(DATA TO USE)

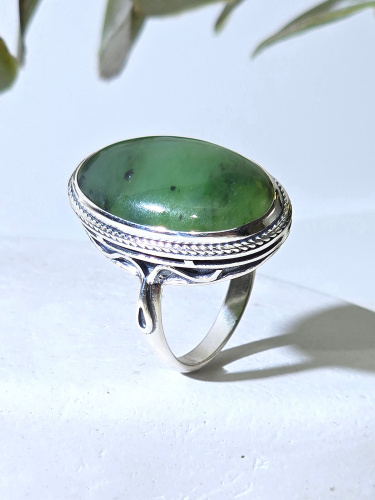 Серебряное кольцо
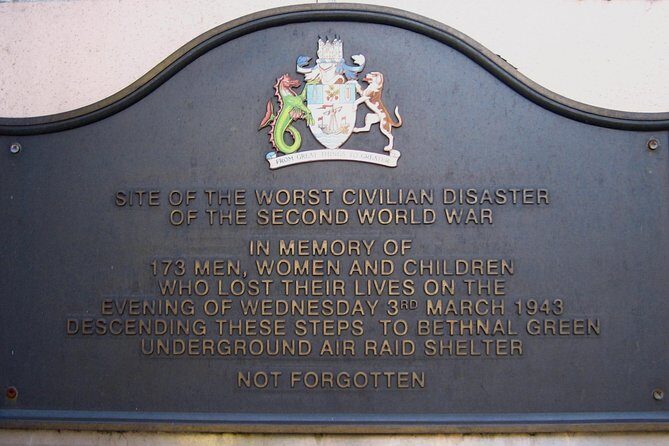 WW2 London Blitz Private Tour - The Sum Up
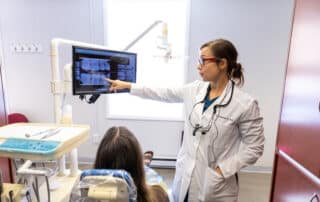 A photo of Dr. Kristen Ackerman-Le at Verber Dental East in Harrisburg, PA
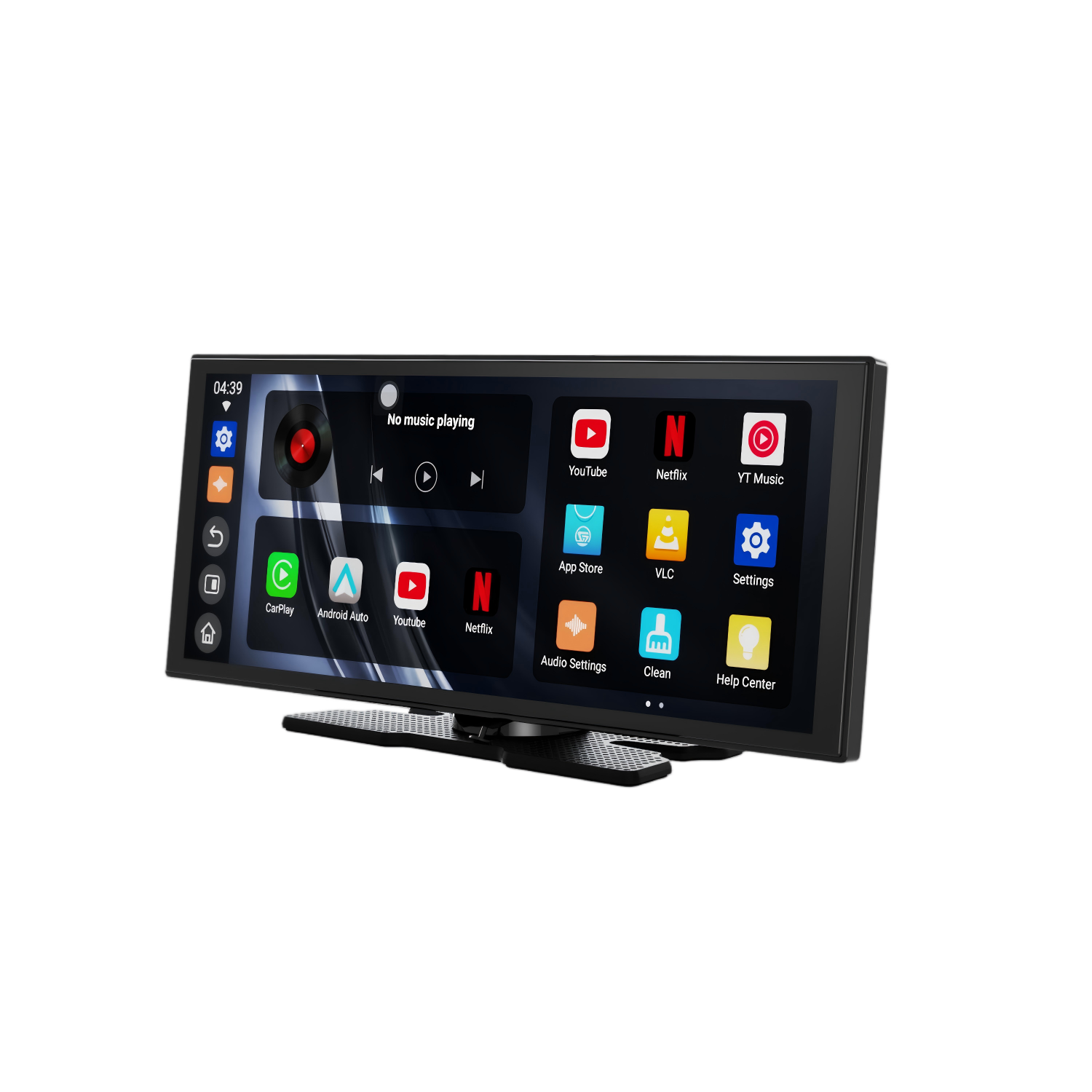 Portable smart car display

(End DATA TO USE)
(DATA TO USE)

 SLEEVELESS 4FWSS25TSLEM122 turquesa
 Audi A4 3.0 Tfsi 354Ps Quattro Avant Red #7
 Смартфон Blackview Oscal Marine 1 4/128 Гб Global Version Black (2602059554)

(End DATA TO USE)
(DATA TO USE)

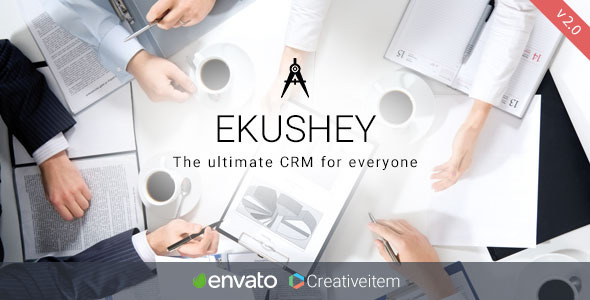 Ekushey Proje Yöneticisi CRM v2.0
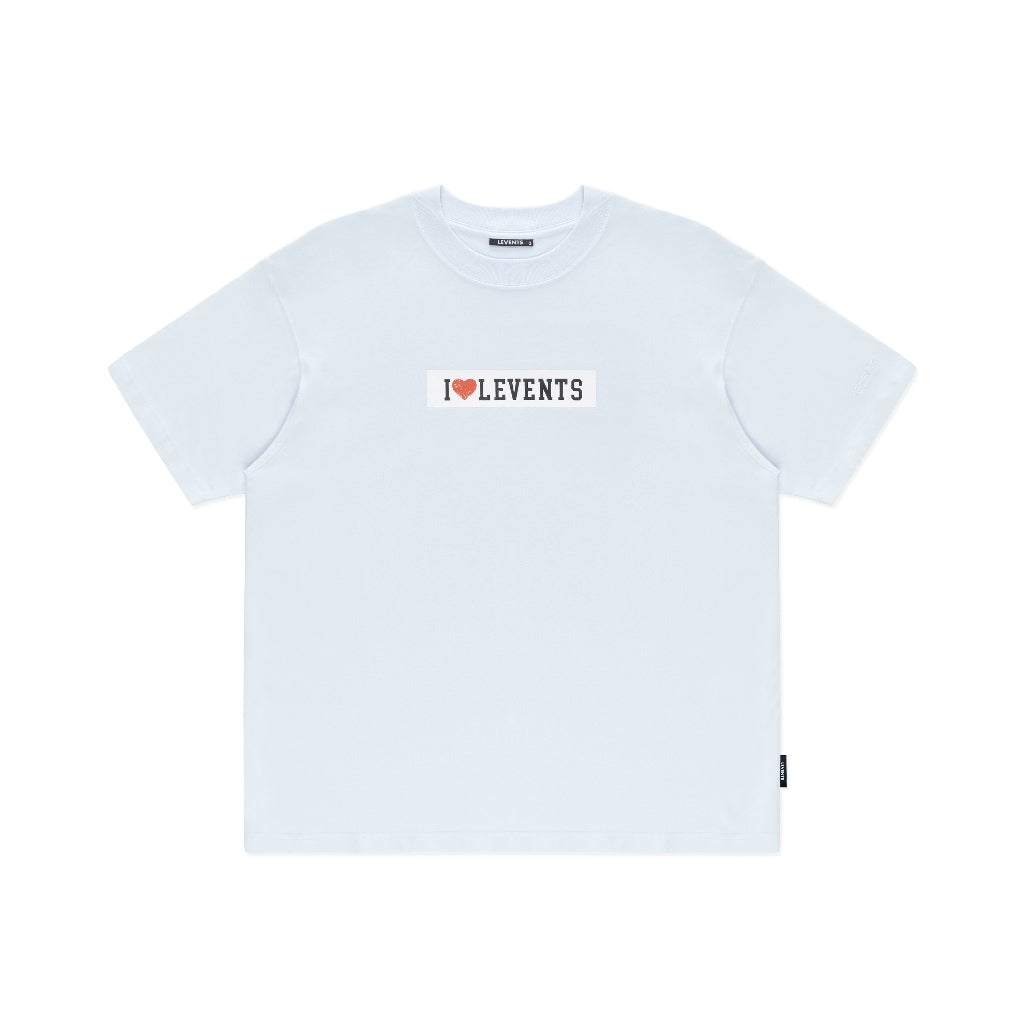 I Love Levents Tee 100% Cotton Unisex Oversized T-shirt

(End DATA TO USE)

WHAT IS BEING ASKED — Return the material from the line containing "Серебряное кольцо" through the line containing "Portable smart car display", exactly and in full, but without its pictures.

RESPONSE —
 Серебряное кольцо
 WW2 London Blitz Private Tour - The Sum Up
 A photo of Dr. Kristen Ackerman-Le at Verber Dental East in Harrisburg, PA
 Portable smart car display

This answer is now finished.